Problem details:
Your copy should start at the line with "Lit plateforme double" and end at the line with "Conjunto medusa circonitas" in the data below. Transcribe only those lines, exactly, pictures excluded.

Working data:
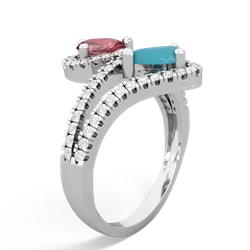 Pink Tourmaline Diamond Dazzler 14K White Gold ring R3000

---

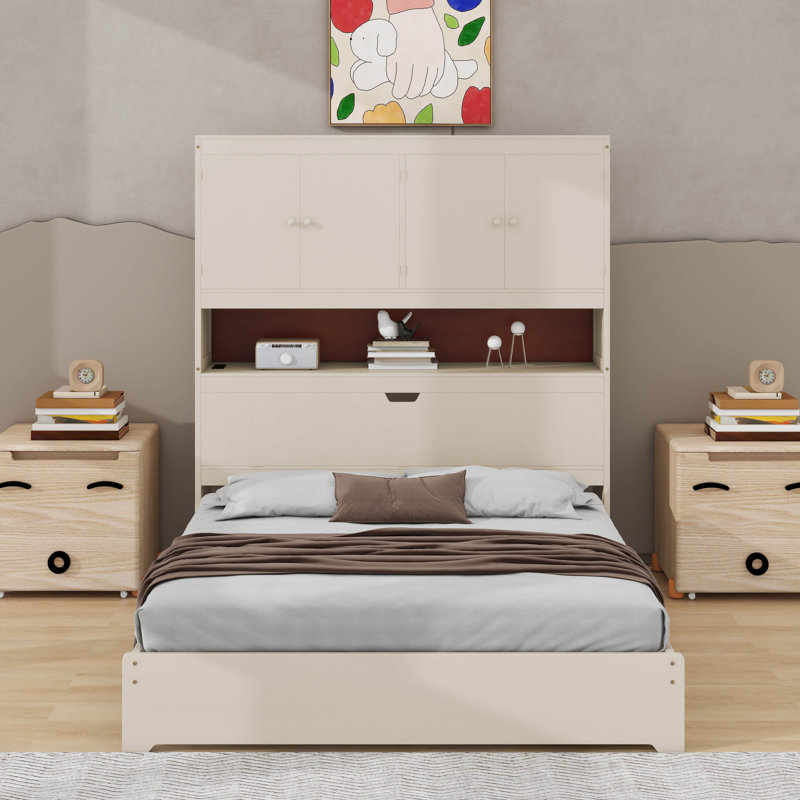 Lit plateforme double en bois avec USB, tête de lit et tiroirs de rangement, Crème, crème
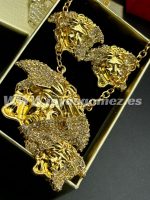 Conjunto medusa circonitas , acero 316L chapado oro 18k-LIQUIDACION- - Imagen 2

* * *

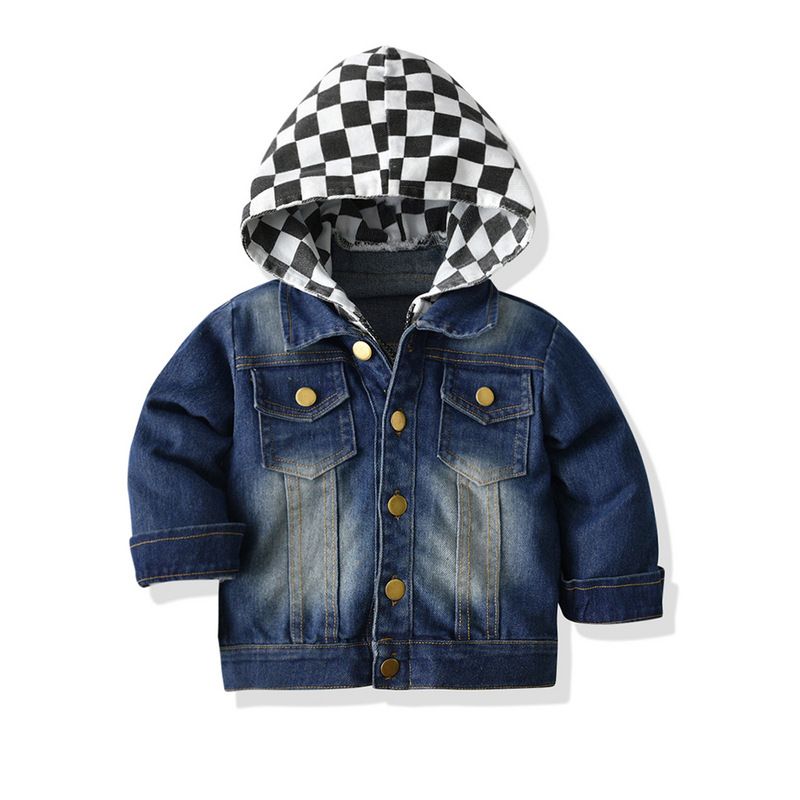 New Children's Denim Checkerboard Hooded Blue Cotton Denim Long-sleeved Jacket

Answer section:
 Lit plateforme double en bois avec USB, tête de lit et tiroirs de rangement, Crème, crème
 Conjunto medusa circonitas , acero 316L chapado oro 18k-LIQUIDACION- - Imagen 2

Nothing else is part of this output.